Y’know I’ve expressed my general contempt for the pantomime which passes for Prime Minister’s Questions on many occasions: it’s theatre, mirage, insubstantial: all performance, no content. But we discovered today there’s something worse than the usual rowdy PMQs: when there’s both no performance and no content.

It’s hard to remember that William Hague once had a fearsome Commons reputation for being the best, sparkiest, wittiest debater on the block. Perhaps all those after-dinner speeches have dulled his senses – or perhaps he reckons he’s not paid enough to waste all his best lines on Parliament – but today’s performance against Prime Ministerial stand-in Harriet Harman was lame and dull. To put it in context, he made Harriet look actually quite good. She wasn’t – she was anodyne and frequently out-of-her-depth – but the comparison was to her credit, not his. Still, at least Mr Hague was better than Gordon Brown.

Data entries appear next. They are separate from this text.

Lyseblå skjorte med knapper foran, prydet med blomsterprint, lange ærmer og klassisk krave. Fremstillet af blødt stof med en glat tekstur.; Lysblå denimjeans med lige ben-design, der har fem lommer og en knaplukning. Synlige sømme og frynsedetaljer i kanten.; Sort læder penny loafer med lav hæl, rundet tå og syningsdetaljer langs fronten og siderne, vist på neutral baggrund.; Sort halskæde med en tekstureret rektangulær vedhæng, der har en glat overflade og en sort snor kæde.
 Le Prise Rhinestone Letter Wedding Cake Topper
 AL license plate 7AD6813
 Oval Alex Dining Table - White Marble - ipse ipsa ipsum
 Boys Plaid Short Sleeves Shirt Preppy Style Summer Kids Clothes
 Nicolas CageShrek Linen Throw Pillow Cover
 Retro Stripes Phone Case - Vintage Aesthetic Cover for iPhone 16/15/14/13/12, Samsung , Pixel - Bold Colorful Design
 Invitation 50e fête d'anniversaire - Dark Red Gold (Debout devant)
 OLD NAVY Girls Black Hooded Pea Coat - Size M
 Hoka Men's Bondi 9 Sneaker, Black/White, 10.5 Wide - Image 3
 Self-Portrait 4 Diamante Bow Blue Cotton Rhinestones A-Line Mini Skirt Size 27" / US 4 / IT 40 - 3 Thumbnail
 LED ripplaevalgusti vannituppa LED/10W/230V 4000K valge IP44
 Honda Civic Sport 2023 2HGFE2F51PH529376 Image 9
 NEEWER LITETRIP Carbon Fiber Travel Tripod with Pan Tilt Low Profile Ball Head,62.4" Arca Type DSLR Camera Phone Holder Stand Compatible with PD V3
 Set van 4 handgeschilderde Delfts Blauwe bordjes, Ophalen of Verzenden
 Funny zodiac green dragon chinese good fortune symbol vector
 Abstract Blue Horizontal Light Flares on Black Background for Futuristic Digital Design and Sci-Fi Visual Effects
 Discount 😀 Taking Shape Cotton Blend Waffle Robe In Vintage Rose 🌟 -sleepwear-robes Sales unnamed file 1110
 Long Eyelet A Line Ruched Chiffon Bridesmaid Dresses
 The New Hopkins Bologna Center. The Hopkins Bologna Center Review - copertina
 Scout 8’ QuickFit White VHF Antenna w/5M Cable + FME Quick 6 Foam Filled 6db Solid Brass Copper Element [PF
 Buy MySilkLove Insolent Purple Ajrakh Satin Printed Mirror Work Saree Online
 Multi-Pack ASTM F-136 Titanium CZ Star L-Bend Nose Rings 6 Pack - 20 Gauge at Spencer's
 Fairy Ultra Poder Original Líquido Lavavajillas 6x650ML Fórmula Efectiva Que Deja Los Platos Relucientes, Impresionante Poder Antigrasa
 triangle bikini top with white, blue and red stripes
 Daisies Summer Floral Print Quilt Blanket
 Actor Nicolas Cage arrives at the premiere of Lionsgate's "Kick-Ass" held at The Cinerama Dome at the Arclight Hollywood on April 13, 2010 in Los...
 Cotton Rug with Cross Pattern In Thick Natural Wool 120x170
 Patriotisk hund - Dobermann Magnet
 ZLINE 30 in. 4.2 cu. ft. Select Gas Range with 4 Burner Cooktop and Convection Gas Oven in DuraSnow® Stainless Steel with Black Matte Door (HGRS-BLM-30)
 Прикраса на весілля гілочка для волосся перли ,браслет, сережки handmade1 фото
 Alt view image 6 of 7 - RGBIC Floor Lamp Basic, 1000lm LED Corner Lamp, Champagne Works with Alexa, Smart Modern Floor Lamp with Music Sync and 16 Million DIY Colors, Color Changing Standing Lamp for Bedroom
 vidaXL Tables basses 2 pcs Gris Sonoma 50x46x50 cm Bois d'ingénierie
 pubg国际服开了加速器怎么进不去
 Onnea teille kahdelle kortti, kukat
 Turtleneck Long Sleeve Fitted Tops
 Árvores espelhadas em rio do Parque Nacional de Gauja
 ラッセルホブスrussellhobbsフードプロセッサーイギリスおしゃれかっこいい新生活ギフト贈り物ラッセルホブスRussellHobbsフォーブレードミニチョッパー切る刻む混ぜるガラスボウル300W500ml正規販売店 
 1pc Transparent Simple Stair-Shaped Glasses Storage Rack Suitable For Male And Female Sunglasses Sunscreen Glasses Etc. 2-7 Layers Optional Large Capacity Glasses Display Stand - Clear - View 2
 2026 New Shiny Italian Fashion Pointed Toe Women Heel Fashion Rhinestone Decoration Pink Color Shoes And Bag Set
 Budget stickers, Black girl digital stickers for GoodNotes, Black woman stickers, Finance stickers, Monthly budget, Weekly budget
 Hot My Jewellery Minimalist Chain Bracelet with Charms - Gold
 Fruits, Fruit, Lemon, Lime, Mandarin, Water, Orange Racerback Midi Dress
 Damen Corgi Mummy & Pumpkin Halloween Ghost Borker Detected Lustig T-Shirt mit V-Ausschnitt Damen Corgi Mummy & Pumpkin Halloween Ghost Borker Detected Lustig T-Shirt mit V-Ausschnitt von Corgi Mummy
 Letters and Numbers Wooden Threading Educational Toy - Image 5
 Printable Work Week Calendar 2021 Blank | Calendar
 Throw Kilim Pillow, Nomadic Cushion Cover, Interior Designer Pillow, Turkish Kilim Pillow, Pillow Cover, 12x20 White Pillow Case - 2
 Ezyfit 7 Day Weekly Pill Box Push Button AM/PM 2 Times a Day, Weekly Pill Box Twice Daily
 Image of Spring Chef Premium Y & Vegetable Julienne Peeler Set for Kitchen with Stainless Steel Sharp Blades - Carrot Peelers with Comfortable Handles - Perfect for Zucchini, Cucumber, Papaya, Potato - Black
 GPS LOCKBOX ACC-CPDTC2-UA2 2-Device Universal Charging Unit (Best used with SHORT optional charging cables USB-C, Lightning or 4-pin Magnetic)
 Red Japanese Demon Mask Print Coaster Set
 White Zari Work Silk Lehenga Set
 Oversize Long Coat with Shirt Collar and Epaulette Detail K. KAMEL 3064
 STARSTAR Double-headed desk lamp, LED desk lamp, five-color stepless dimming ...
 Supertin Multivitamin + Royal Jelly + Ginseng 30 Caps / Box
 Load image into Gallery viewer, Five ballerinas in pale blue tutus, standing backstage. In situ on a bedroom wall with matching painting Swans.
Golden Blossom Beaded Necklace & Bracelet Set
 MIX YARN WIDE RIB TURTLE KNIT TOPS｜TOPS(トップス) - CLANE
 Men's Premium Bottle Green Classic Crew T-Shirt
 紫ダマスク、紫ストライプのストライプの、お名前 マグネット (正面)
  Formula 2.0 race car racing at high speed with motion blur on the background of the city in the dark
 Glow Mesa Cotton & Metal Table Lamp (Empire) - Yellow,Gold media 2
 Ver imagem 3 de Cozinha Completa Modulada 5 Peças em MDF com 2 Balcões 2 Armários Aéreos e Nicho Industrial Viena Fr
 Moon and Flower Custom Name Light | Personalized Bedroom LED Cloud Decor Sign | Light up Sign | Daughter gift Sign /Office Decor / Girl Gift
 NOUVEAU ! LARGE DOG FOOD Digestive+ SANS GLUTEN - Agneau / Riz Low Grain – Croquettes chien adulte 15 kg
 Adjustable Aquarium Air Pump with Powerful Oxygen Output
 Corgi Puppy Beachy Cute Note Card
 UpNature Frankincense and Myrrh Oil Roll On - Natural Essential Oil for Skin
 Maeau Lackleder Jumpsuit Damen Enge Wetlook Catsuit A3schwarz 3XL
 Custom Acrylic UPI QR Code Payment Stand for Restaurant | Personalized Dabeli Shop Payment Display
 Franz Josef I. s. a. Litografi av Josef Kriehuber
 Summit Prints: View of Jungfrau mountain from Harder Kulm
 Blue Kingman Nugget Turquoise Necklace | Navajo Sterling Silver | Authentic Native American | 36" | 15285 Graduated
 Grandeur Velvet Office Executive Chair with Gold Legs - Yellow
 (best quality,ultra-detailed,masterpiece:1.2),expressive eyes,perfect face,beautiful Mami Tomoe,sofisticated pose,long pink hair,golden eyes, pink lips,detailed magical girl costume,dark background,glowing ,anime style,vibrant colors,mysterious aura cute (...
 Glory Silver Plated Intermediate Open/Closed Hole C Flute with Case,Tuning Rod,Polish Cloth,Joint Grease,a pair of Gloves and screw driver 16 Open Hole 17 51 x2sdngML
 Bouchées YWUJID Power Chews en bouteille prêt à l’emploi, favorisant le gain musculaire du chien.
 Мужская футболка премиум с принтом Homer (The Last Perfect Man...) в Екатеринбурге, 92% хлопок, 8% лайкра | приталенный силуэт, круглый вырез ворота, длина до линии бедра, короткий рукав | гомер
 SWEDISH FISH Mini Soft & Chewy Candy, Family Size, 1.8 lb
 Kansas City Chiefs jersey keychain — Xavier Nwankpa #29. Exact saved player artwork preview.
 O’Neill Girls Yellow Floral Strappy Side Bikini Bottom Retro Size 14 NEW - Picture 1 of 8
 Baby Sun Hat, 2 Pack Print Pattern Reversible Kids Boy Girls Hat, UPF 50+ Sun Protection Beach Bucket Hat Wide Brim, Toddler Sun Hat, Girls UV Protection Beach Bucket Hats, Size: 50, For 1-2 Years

Vince Cable rose, as is traditional, to cheers from all-corners of the house. He started with a dry, slightly obscure, joke in Harriet’s honour – “may I express the hope that when she was briefing the Prime Minister for talks with his friend Signor Berlusconi, she remembered to enclose an Italian translation of her progressive views on gender equality?” – but then stuck to the touchstone issue among the public at the moment: how can government ministers talk of the need for public sector pay restraint when they are signing-off large bonuses for executives in banks currently majority-owned by the public? Harriet made a half-heartedly fierce show of sounding tough while committing the Government to nothing.

In a low-scoring contest, Vince edges it both for injecting (a little) humour into proceedings, and (more importantly) for asking a question that matters to the public, on an issue the government can do something about, and where his own party has something distinctive to say. Mr Hague, take note.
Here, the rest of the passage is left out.